The initial data says you should vaccinate somewhere around 12-14 year old girls because most of them will be HPV naive but if you wait longer they won't be any more. But too many US parents cannot imagine their little girl ever having sex and if they never have sex they almost certainly won't contract HPV so, why are we vaccinating them? Are you trying to make my daughter a slut?
If you've been a teenage American this should strike you as very silly, and doubly so if you understand biology. Teenage girls are not, in fact, celibate by default, so some of them will get horny. And if you understand biology the viral infections aren't caused by the same mechanism as pregnancy "sexual activity" is a shorthand, you can easily get infected while steering clear of anything that would get somebody knocked up. A peck on grandma's cheek is unlikely to work, but if you're sucking face for most of a Stranger Things episode that's definitely enough that you might contract HPV.
Did I read this correctly? You are going to decide for your children based on their plans to be monogamous?
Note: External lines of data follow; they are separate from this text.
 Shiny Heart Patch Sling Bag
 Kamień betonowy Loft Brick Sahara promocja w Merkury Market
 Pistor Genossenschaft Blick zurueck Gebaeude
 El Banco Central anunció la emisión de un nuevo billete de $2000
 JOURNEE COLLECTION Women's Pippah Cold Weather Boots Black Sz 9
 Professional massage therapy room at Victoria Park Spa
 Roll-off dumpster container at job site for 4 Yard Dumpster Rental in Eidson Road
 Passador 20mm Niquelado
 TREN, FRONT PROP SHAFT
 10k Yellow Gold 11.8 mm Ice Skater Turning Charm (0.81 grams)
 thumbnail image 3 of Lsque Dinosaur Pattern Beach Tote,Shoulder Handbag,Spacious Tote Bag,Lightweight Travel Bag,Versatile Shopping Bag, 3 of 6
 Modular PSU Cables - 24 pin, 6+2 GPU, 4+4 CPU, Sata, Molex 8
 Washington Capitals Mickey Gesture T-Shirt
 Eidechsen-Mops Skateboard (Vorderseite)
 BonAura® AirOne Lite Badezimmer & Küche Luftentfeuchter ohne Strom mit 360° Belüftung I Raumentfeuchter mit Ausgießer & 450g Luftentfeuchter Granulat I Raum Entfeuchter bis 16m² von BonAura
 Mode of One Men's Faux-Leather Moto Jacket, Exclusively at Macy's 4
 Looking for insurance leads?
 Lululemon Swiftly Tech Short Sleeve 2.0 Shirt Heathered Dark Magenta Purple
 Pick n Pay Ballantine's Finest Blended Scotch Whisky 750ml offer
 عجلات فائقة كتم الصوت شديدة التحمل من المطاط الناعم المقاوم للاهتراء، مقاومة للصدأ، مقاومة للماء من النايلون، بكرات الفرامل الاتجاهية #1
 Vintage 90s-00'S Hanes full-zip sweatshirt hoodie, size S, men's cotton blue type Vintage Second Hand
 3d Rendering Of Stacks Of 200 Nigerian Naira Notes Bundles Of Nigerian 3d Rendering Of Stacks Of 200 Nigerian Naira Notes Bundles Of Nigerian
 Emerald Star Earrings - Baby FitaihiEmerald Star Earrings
And you’re also going to decide for your parents? I can only assume you’re in the unfortunate situation where your parents are no longer capable of making decisions?
Also, I think these questions are in bad faith.
It is actually hard to get people to change any behavior. The public health benefits should be a primary concern. Avoid vaccination if there is a downside to you personally, but that isn’t what I’m hearing from your comments.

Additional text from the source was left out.